The training process emphasizes qualitative improvements in coherence, fluency, and factual grounding, demonstrating competitive results even with fewer tokens compared to larger-scale models.

This checkpoint represents the model's state at 5,100 training steps. Validation loss and downstream performance benchmarks demonstrate notable early improvements in text fluency and alignment with prompts.

Training Code

The training script, including configurations and instructions, is open-sourced and available here:
📄 DMaS-LLaMa-Lite Training Code

Usage

You can load the model with Hugging Face Transformers library:

from transformers import AutoModelForCausalLM, AutoTokenizer

model_name = "McGill-DMaS/DMaS-LLaMa-Lite-step-5.1k"
tokenizer = AutoTokenizer.from_pretrained(model_name)
model = AutoModelForCausalLM.from_pretrained(model_name)

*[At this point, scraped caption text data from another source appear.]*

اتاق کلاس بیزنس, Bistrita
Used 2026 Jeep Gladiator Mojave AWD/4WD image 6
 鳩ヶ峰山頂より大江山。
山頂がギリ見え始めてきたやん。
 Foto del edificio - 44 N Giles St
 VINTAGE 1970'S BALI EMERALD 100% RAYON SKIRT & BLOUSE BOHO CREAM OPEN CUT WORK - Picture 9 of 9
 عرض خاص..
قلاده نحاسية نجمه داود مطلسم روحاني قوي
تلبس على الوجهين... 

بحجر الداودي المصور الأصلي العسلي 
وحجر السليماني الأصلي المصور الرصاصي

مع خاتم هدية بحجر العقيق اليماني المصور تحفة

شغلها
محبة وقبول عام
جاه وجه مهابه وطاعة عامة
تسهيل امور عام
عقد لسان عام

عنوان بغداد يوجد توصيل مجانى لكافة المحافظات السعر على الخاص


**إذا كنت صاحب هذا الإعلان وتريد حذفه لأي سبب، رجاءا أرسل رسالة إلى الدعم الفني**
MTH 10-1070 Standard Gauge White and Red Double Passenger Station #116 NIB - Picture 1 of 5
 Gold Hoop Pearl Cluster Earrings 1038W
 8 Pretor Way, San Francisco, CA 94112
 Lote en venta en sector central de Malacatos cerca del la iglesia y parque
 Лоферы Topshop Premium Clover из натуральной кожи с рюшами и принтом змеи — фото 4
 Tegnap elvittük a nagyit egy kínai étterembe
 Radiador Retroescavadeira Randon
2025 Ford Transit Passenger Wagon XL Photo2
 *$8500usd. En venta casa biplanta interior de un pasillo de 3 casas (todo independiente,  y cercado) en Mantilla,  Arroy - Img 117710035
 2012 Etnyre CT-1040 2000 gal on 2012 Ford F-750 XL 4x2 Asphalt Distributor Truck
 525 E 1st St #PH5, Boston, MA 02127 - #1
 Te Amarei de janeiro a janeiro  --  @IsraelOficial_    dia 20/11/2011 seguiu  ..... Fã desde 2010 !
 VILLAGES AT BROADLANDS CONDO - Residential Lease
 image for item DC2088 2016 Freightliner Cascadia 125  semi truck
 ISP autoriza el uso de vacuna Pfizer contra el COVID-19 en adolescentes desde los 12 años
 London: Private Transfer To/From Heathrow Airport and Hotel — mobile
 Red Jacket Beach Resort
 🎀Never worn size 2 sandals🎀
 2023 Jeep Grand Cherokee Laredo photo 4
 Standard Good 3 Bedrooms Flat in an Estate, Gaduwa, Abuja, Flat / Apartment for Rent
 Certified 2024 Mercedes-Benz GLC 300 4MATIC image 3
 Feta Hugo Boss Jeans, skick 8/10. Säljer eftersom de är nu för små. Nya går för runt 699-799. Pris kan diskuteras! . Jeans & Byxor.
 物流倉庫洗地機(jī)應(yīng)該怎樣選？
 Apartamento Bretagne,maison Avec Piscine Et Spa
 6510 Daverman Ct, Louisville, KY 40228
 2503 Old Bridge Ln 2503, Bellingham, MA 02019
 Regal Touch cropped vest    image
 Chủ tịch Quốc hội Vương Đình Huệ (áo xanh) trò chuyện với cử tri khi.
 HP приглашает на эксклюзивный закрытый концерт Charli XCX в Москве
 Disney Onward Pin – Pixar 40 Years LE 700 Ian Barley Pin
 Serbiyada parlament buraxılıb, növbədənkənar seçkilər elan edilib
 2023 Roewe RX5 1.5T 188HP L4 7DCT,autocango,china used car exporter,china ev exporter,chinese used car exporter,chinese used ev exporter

inputs = tokenizer("The Pyramids of Giza in Egypt are some of the oldest man-made structures in the world.", return_tensors="pt")
outputs = model.generate(**inputs, max_length=50)
print(tokenizer.decode(outputs[0], skip_special_tokens=True))

Citation

If you use this model or its training insights in your work, please cite the following paper:

@article{li2024effectiveness,
  title={Experience of Training a 1.7B-Parameter LLaMa Model From Scratch},
  author={Li, Miles Q and Fung, Benjamin and Huang, Shih-Chia},
  journal={arXiv preprint arXiv:2412.13335},
  year={2024}
}

License

This model and code are released under the Apache License 2.0. Please check the respective repositories for detailed terms.